* **Record excerpts**
╭──

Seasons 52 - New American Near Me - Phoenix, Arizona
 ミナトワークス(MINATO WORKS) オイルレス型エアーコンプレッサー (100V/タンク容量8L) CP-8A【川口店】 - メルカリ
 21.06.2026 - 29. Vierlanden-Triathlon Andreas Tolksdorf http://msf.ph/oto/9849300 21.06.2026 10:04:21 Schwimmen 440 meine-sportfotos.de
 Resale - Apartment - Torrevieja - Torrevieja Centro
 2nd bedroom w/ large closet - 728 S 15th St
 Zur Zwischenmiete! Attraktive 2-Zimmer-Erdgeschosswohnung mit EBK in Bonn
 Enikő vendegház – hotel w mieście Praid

╰──

Output the whole listing exactly.

* **Solution for this exercise**
Seasons 52 - New American Near Me - Phoenix, Arizona
 ミナトワークス(MINATO WORKS) オイルレス型エアーコンプレッサー (100V/タンク容量8L) CP-8A【川口店】 - メルカリ
 21.06.2026 - 29. Vierlanden-Triathlon Andreas Tolksdorf http://msf.ph/oto/9849300 21.06.2026 10:04:21 Schwimmen 440 meine-sportfotos.de
 Resale - Apartment - Torrevieja - Torrevieja Centro
 2nd bedroom w/ large closet - 728 S 15th St
 Zur Zwischenmiete! Attraktive 2-Zimmer-Erdgeschosswohnung mit EBK in Bonn
 Enikő vendegház – hotel w mieście Praid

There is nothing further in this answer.